The internet does make it easier to stay connected, but some times we’re off the internet for like two weeks. When we do have the internet it’s sometimes that one email or text that keeps some of us alive and keeps people from losing their minds. It’s really hard to be in the navy and be an independent artist, so when I get messages saying, “Hey, man, keep making music,” that really helps me. These are from people I’ve never met, maybe 20 states away from me. It’s really beneficial to be supported like that.
How did “Cell Block 68” get written?
“Cell Block 68” was the second song I wrote while I was in the navy. I wrote that one towards the end of my first underway — December 2016, I think. Sometimes at night it would be kind of boring. Me and my mentor would pull out our guitars and jam all night. The others would be sipping coffee and listening to us. It was like being in an all-night café. I think in the future I just might create some kind of space for that.
One night I cut in with a riff. Then I came up with the first line and got out a piece of paper and wrote it down, Then we passed the paper around, everyone writing down a line about what it meant to them to be deployed, for example one guy wrote, “My son grows up without a father.” They did the first half of the first verse and I did the rest. This song literally came together in the middle of the ocean. It was one of the most interesting experiences I’ve ever had. After that I’d play the song and people would record it on their phones. People now come up to me and tell me they fall asleep to that song. It’s a great experience to touch people like that.
How did you learn to sing like that?
Three of the songs from the EP were recorded in Houston and two in Seattle, so when we were doing “The Deployment Song” we were back in Houston and I was kind of missing some of my boys. They hadn’t heard me sing yet, just a rap a little, so when I first got into the studio they were like, “Whoa, bro, who are you? You’re in the navy with these kinds of vocals?”
I normally get the vocals right the first time, but I do four or five takes anyway just so I can pick the best one. The hard part is the guitar. I love playing guitar, but playing guitar in the studio is a whole different beast.
When I was growing up I didn’t even think I could sing. I didn’t like the sound of my voice until a few years ago, and it was only seeing the responses from other people that convinced me I could do it.
You need that nudge. I don’t want to say you need people to believe in you, but you need some affirmation. Even the talent you’re born with takes a lot of “curing.”
Where do you get the ideas for your lyrics?
I’m a huge fan of rap and hiphop. I used to rap about clothes and cars and women even though I was in a place in my life where none of that was true. I was talking about all the stuff I didn’t have. Many people do that and it doesn’t hurt their conscience, but for me I could put out dishonest music for only so long. It wasn’t genuine. I was a lot more comfortable with rapping when I focused on my own issues.
When I write a song the words and music come together almost at the same time. I’ll think of a line and it just brings its own music with it.

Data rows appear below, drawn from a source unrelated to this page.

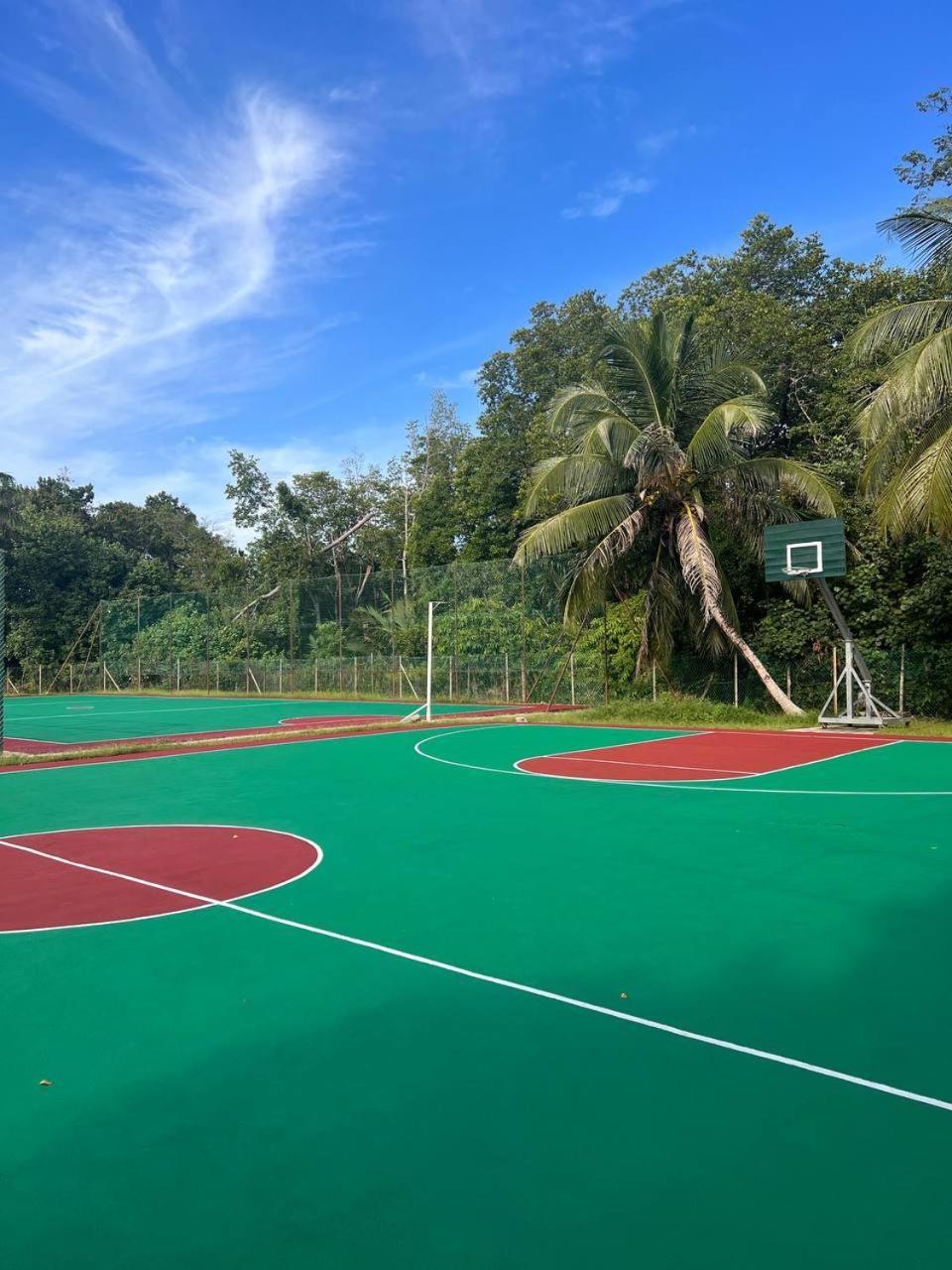 ホテル Putra Sentosa Retreat Camp, Sematan エクステリア 写真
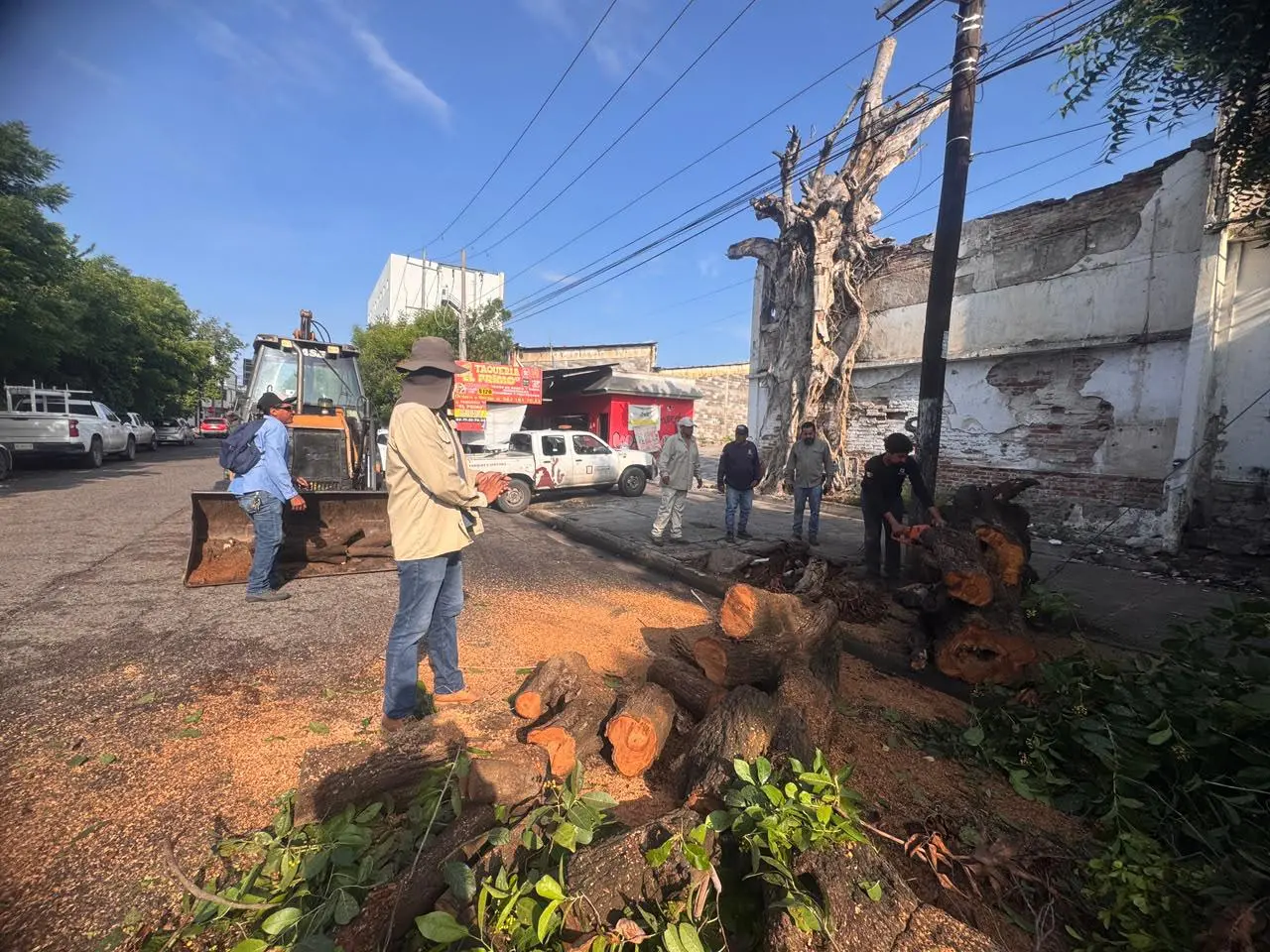 $!Retiran más de 1.4 toneladas de basura de rejillas tras lluvias en Culiacán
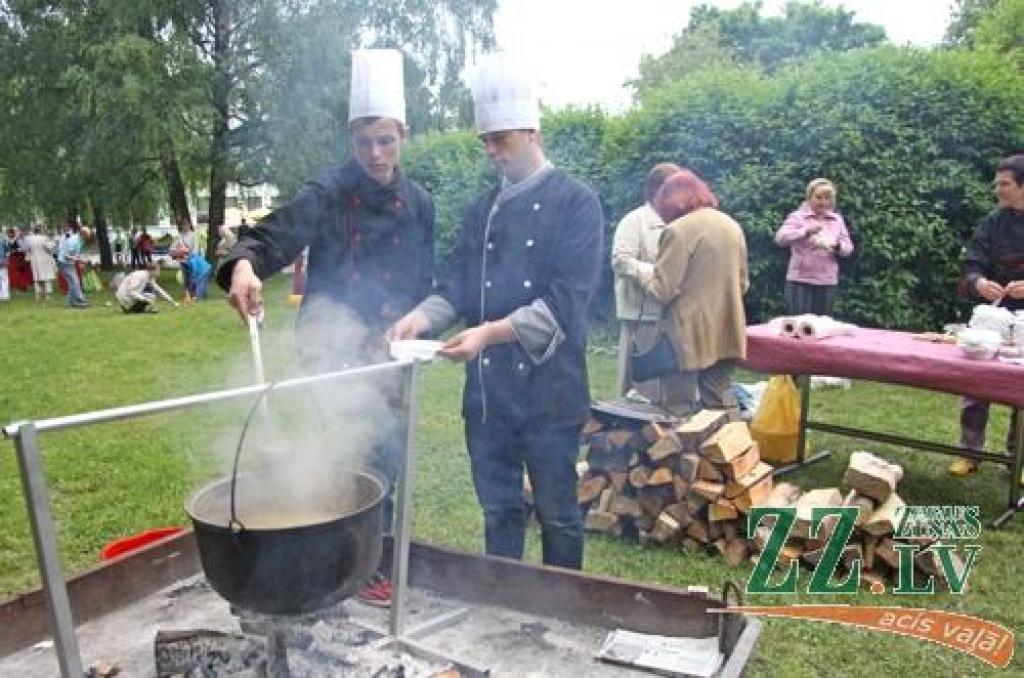 Ar tradicionālo Amatu tirgu Jelgavas centrā sestdien turpinājās Pilsētas svētki. Šoreiz dažādu nozaru amtbniecības izstrādājumi bija pārstāvēti kuplā skaitā – 134 stendos, bez tam bija sarīkotas vairākas reklāmas akcijas. Vairāku stendu...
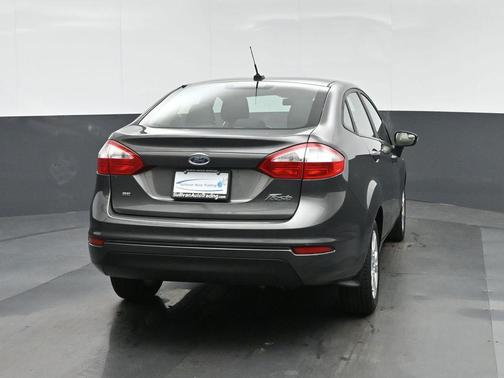 Magnetic 2016 Ford Fiesta SE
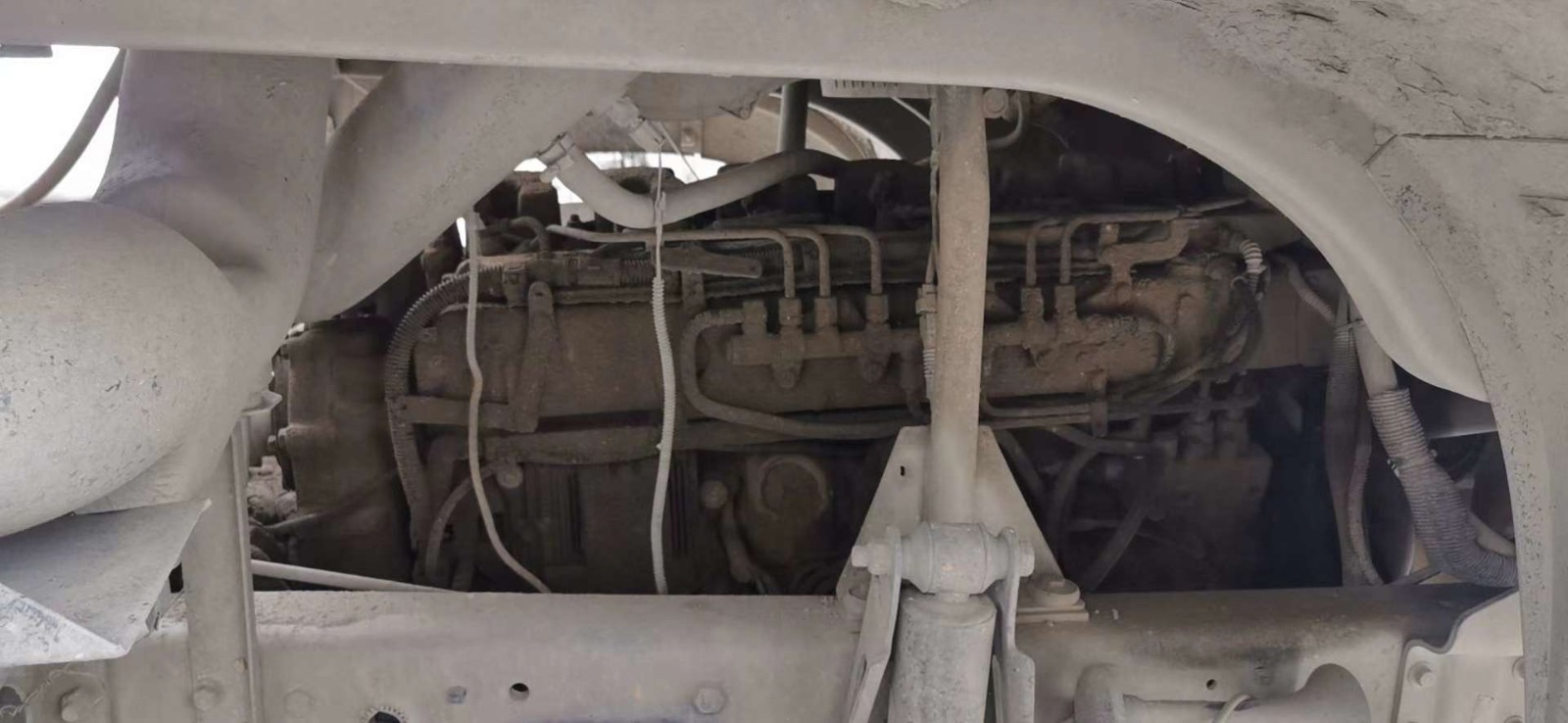 https://images.tongzsf.com/tong/truck_machine/20210127/1601148cfee2af.jpg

That comes from a history of reading and writing a lot of poetry. When I was 17 or 18 I’d be in bookstores every other day, just reading poetry books, nonstop. Some of my favourites are Hafiz, Rumi, Pablo Neruda, and Charles Bukowski. Then there’s the Instagram poets like Christopher Poindexter and Drake. Stephen King wrote a book called On Writing that really changed the way I approach life. For me the best part of being on the boat was being able to read so much. Reading really helps you deal with your issues and connect the dots. I read a lot of Robert Green, like Mastery and 48 Laws of Power. I read The Alchemist like for the tenth time, and The Subtle Art of Not Giving a F**k by Mark Benson. All kinds of stuff.
What’s coming after the EP launch?
I’m working on my second EP, Two Tornadoes. I’m also working on a poetry book, which I’ve wanted to do for years, as well as trying to get my Youtube channel up and running.